Data to process

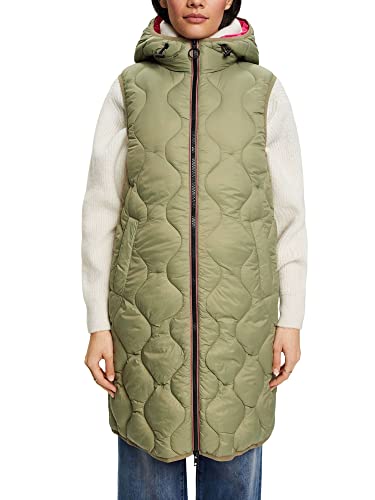 edc by ESPRIT Damska kamizelka 013CC1H302, 345/LIGHT Khaki, XXL, 345/Light Khaki., XXL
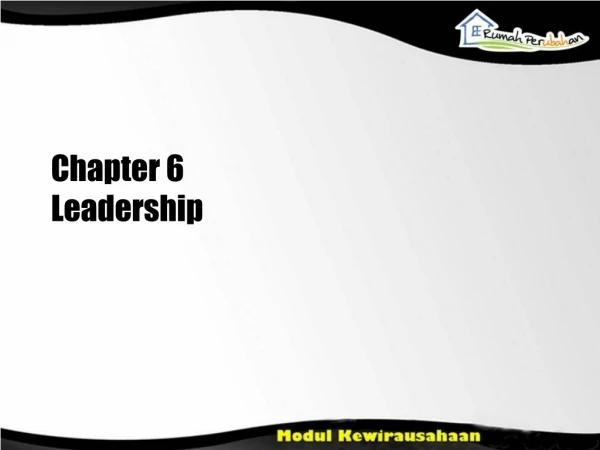 Chapter 6 Leadership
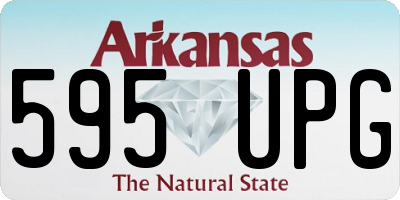 AR license plate 595UPG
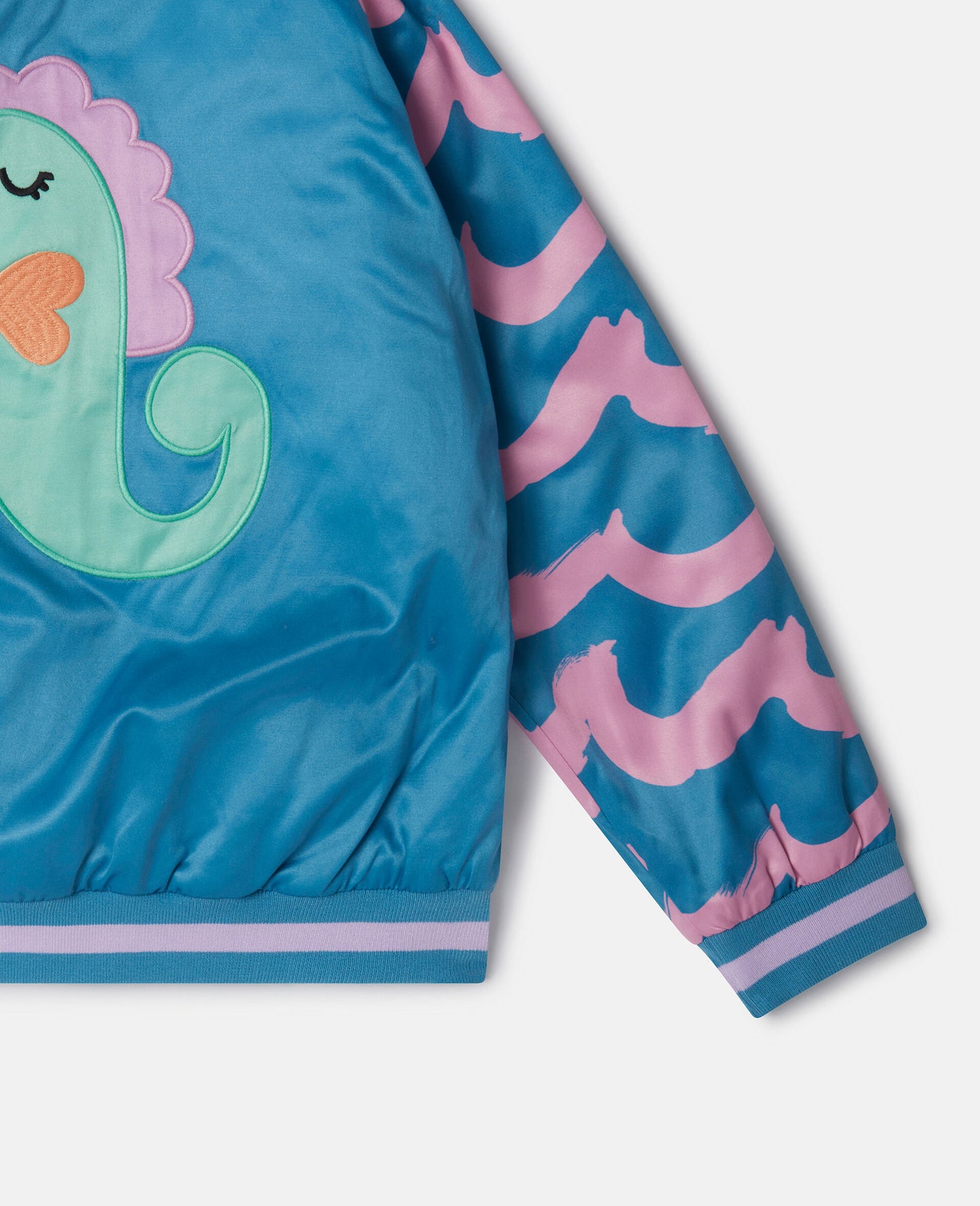 Seahorses Bomber Jacket - Stella McCartney SP24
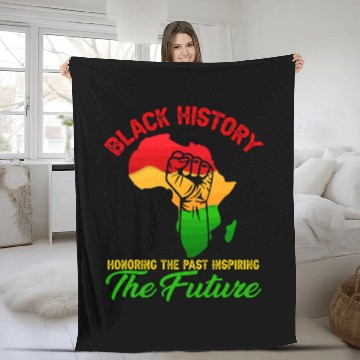 Discover Black History Honoring The Past Inspiring The Future Womens Fleece Blankets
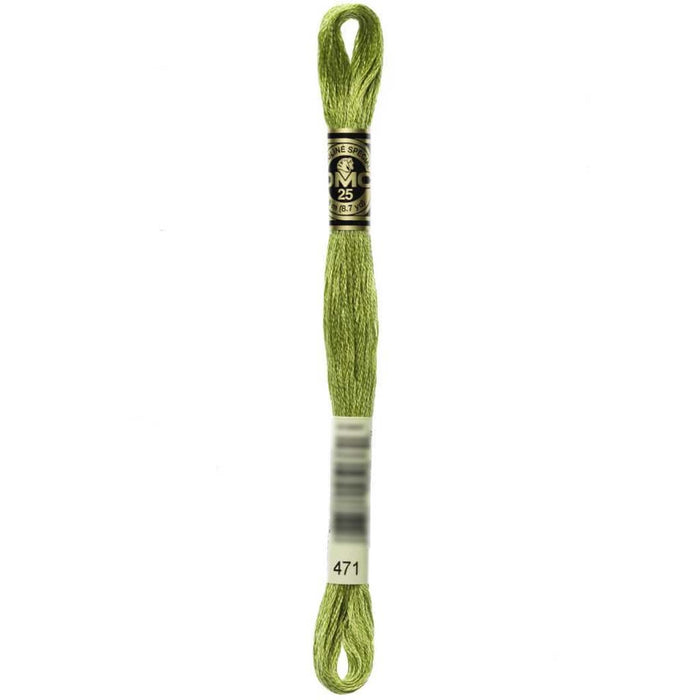 Dmc Floss Very Light Avocado Green Green 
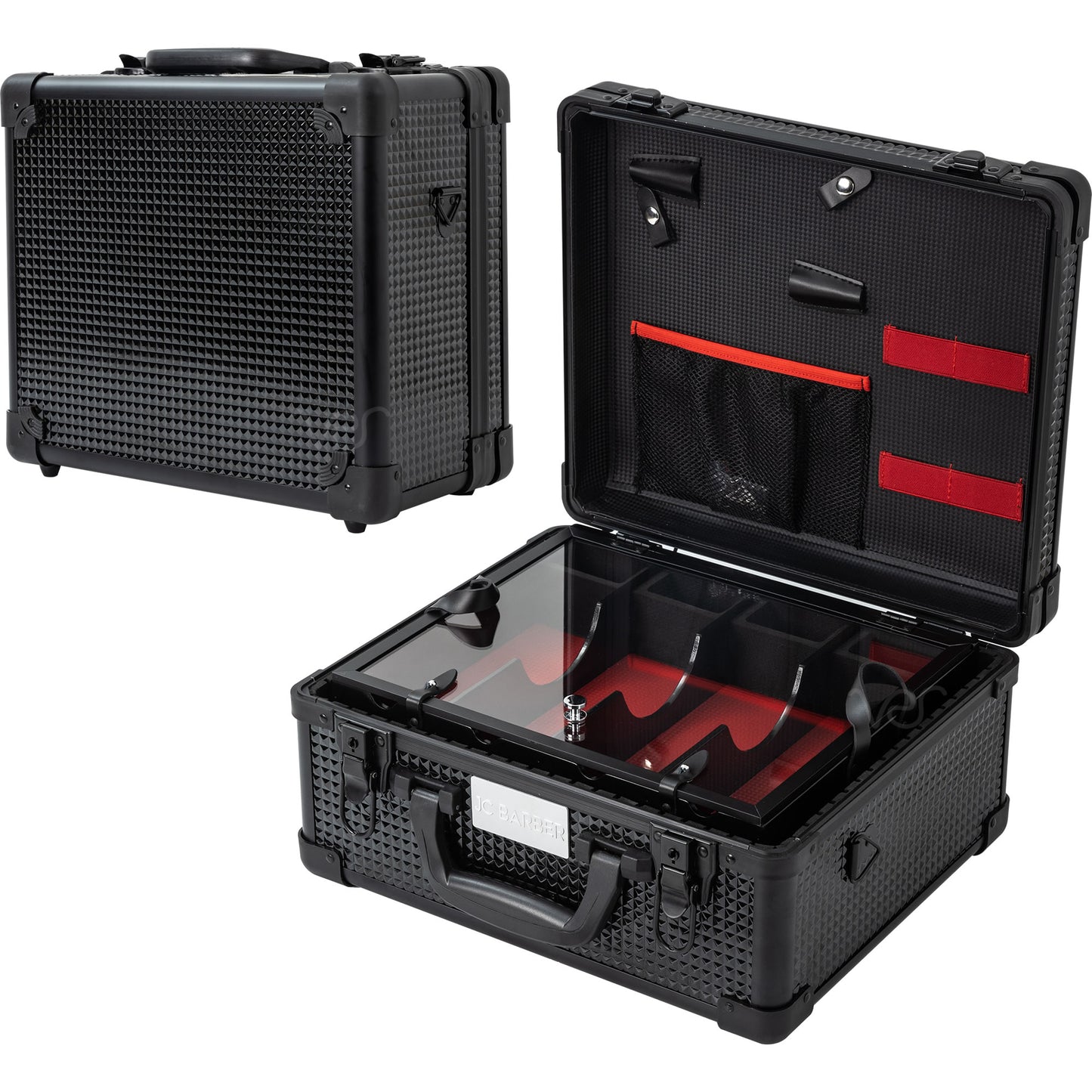 Professional Portable Barber Case for 4 Clippers and Supplies by JC Barber - JBC001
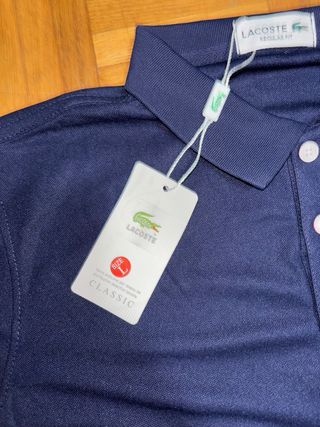 Polo Lacoste Blu Uomo Taglia M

Work request
Exact repetition of each line above is expected; images are to be omitted.

Written solution
 edc by ESPRIT Damska kamizelka 013CC1H302, 345/LIGHT Khaki, XXL, 345/Light Khaki., XXL
 Chapter 6 Leadership
 AR license plate 595UPG
 Seahorses Bomber Jacket - Stella McCartney SP24
 Discover Black History Honoring The Past Inspiring The Future Womens Fleece Blankets
 Dmc Floss Very Light Avocado Green Green 
 Professional Portable Barber Case for 4 Clippers and Supplies by JC Barber - JBC001
 Polo Lacoste Blu Uomo Taglia M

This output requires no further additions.